#### Problem description:
Transcribe all the lines below exactly. Omit the pictures.

#### Data segment:

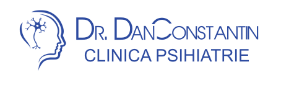 CLINICA DE PSIHIATRIE DR. CONSTANTIN, BUCUREȘTI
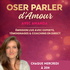 Oser parler d'amour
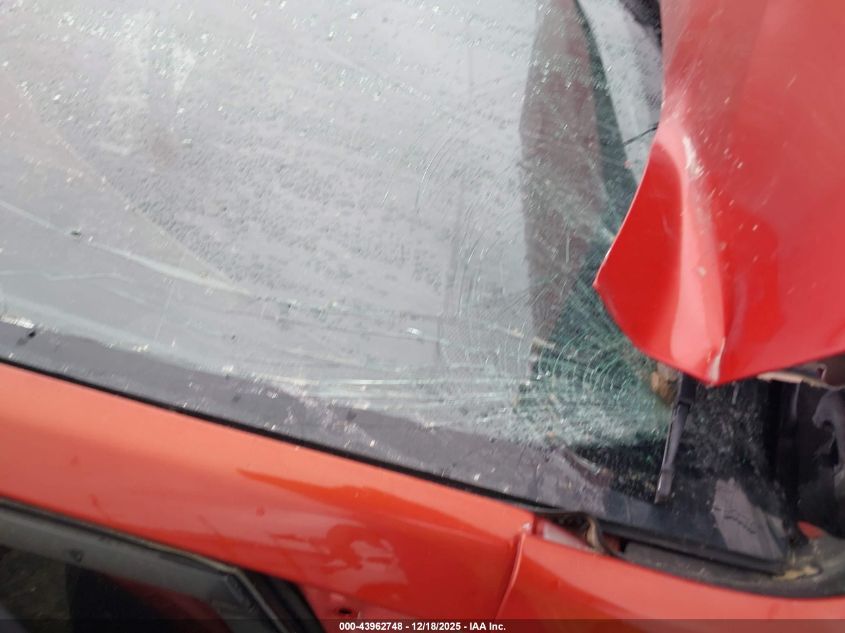 2019 Toyota Corolla Xse VIN: JTNK4RBEXK3054817 Lot: 43962748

#### Answer:
 CLINICA DE PSIHIATRIE DR. CONSTANTIN, BUCUREȘTI
 Oser parler d'amour
 2019 Toyota Corolla Xse VIN: JTNK4RBEXK3054817 Lot: 43962748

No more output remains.